- _YOUR INSTRUCTIONS_
I'd like the data beneath this line reproduced exactly, without any of its images.

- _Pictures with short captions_
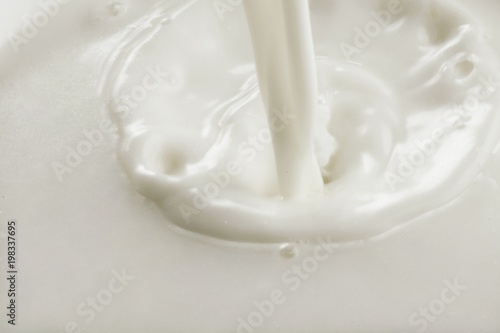 Pouring white Milk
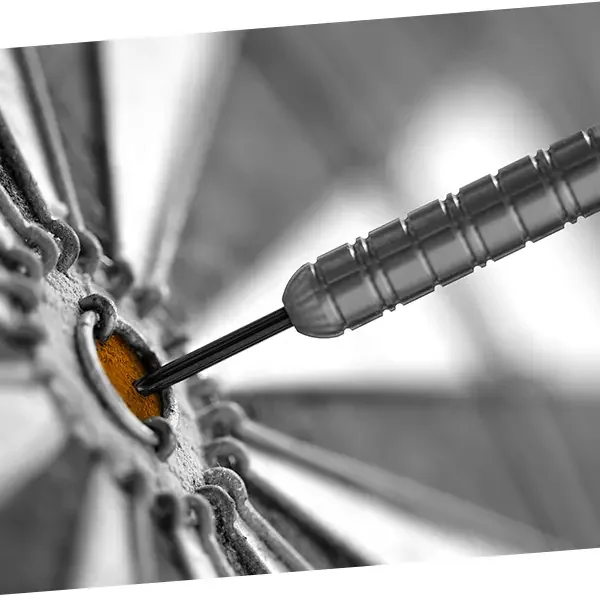 A close-up of a dart hitting the bullseye on a dartboard.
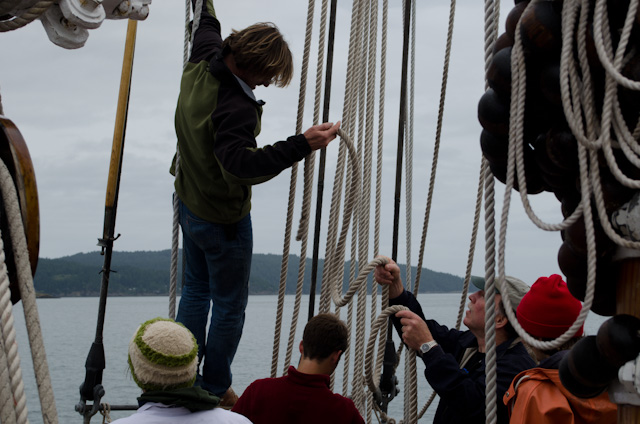 Passengers and crew alike help to raise Zodiac's sails; an absolute treat. Photo © 2013 Aaron Saunders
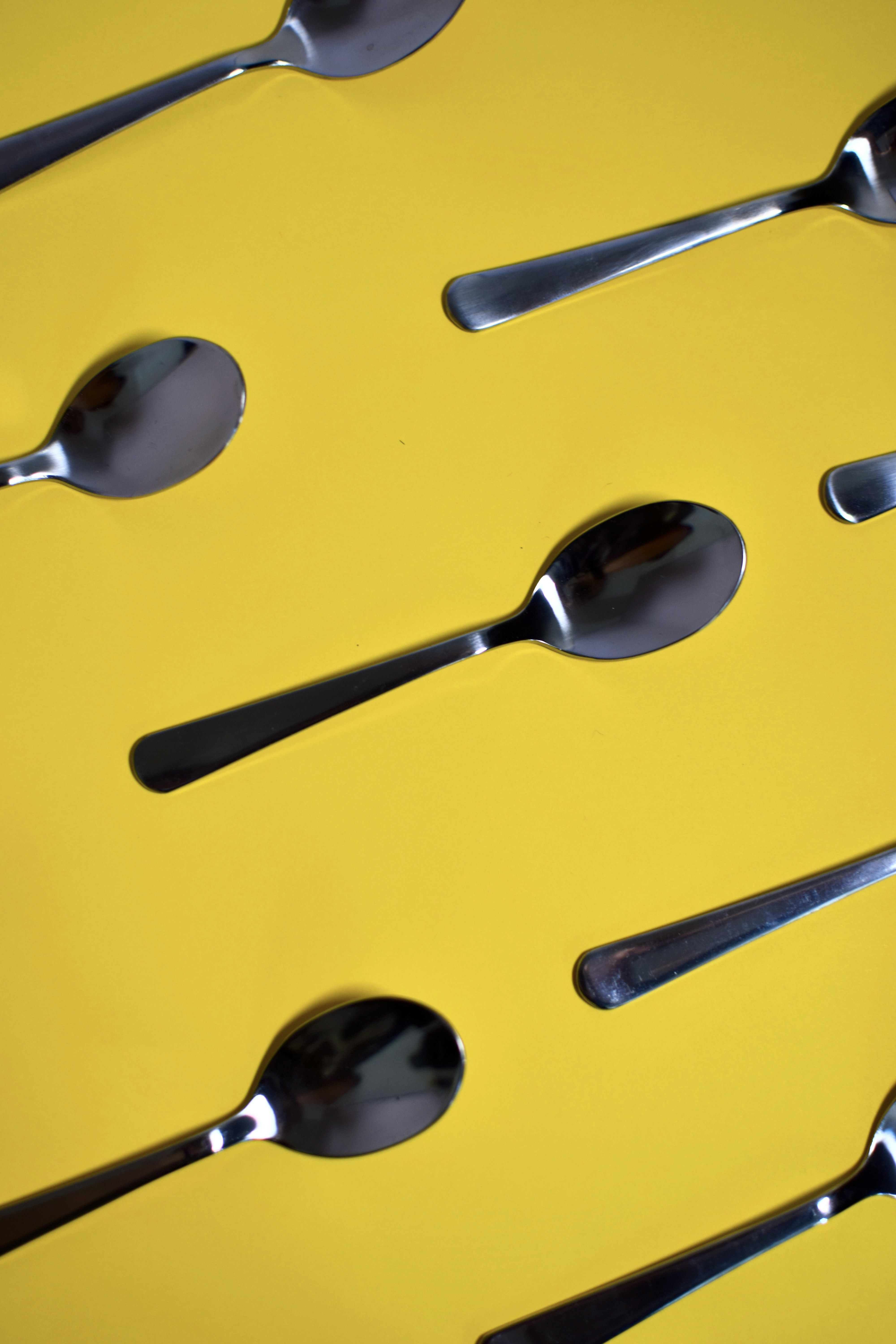 a yellow car with a pair of sunglasses on the hood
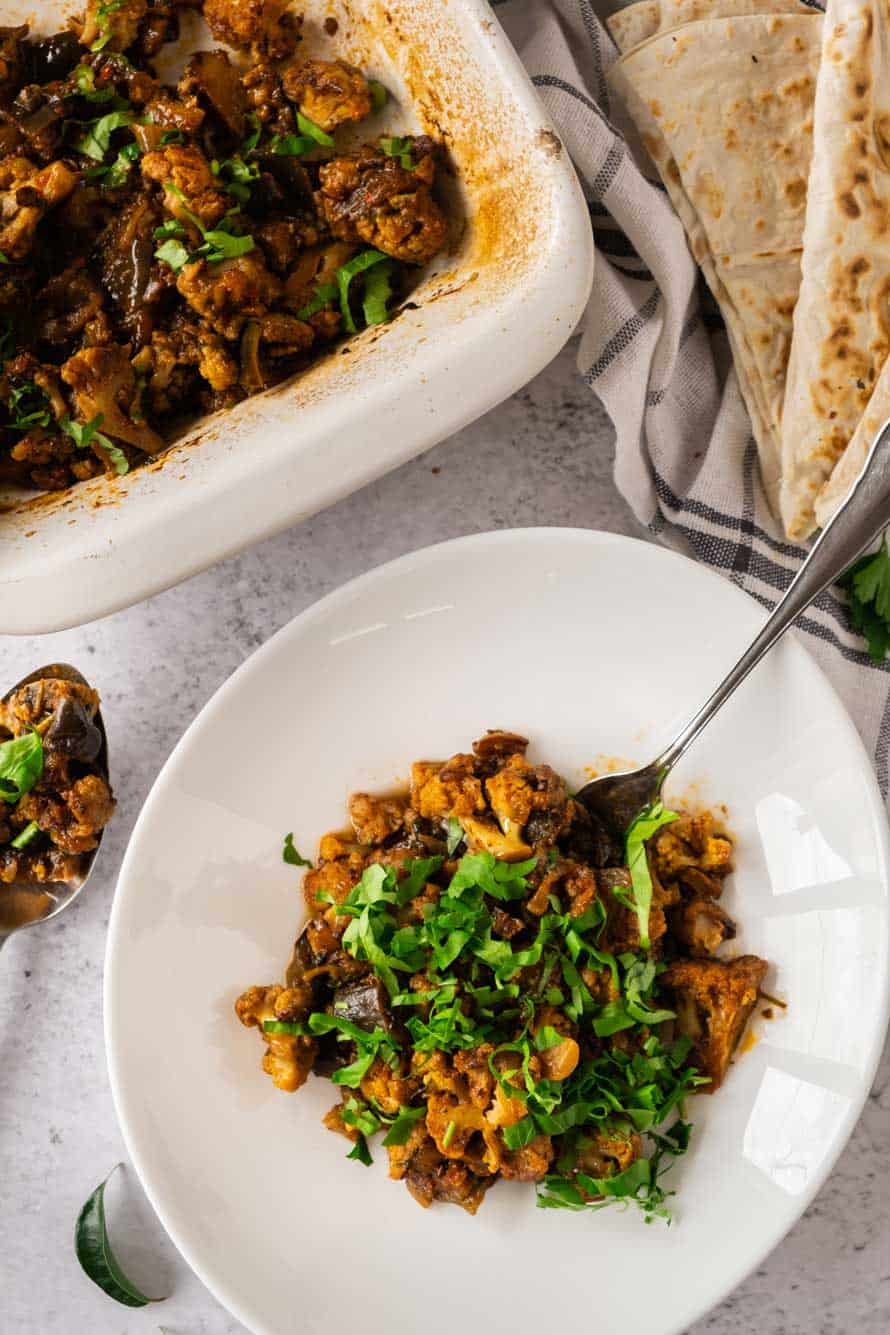 Vadouvan cauliflower and eggplant in bowl and casserole.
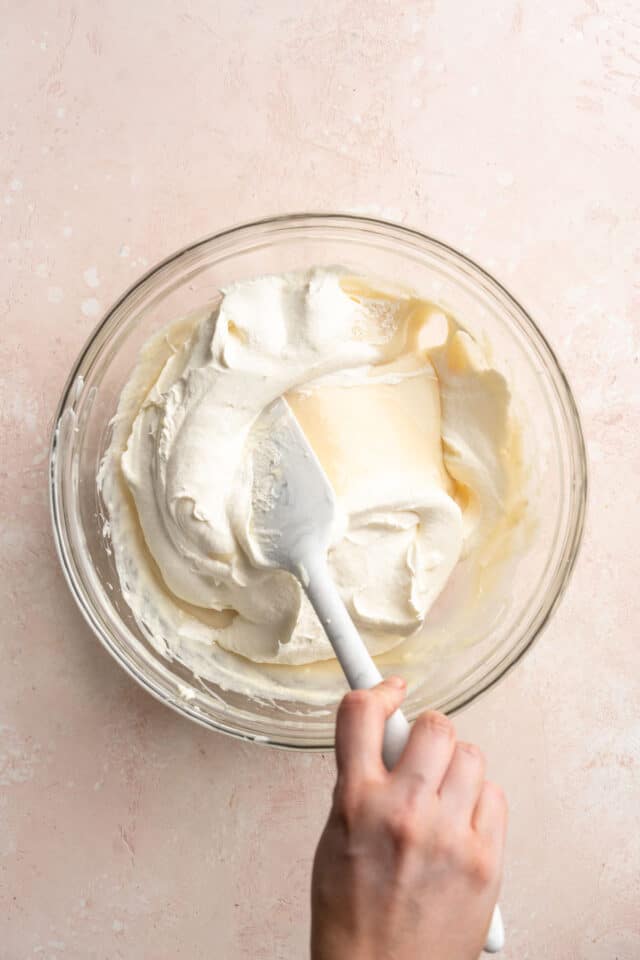Stirring Cool Whip into cream cheese mixture.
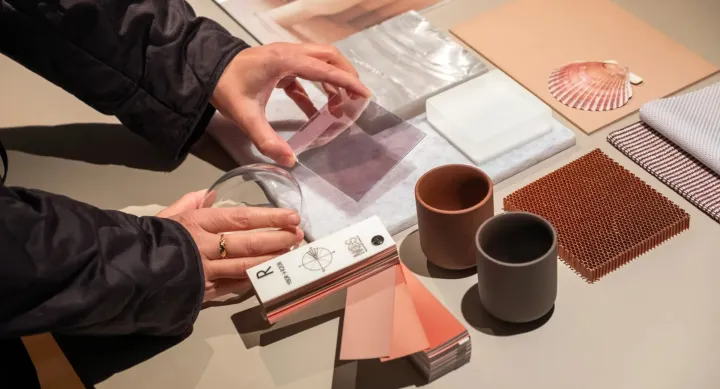 A person’s hands interact with a variety of material samples arranged neatly on a table. The samples include translucent acrylic sheets, color swatches, ceramic cups, fabric swatches, a shell, and textured tiles in neutral and earthy tones. The person holds a clear circular lens and a square plastic sheet, suggesting a material exploration or design planning activity.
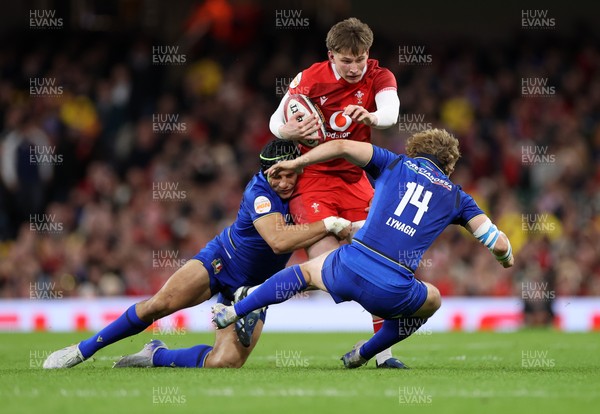 140326 - Wales v Italy - Guinness Six Nations Championship - Ellis Mee of Wales is tackled by Juan Ignacio Brex and Louis Lynagh of Italy 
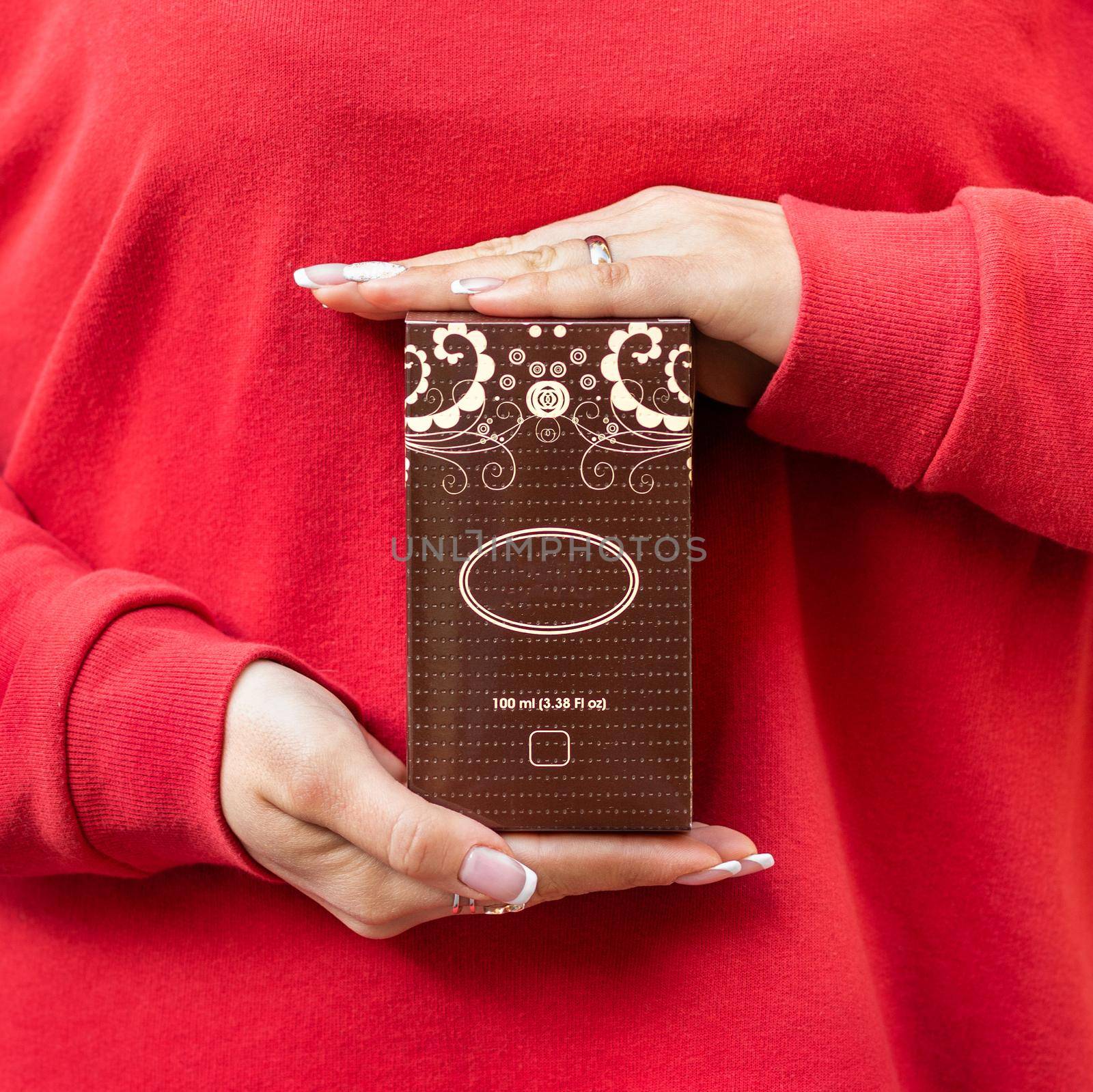 Woman holding perfume flacon box with red cloth by ferhad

- _REPLY_
 Pouring white Milk
 A close-up of a dart hitting the bullseye on a dartboard.
 Passengers and crew alike help to raise Zodiac's sails; an absolute treat. Photo © 2013 Aaron Saunders
 a yellow car with a pair of sunglasses on the hood
 Vadouvan cauliflower and eggplant in bowl and casserole.
Stirring Cool Whip into cream cheese mixture.
 A person’s hands interact with a variety of material samples arranged neatly on a table. The samples include translucent acrylic sheets, color swatches, ceramic cups, fabric swatches, a shell, and textured tiles in neutral and earthy tones. The person holds a clear circular lens and a square plastic sheet, suggesting a material exploration or design planning activity.
 140326 - Wales v Italy - Guinness Six Nations Championship - Ellis Mee of Wales is tackled by Juan Ignacio Brex and Louis Lynagh of Italy 
 Woman holding perfume flacon box with red cloth by ferhad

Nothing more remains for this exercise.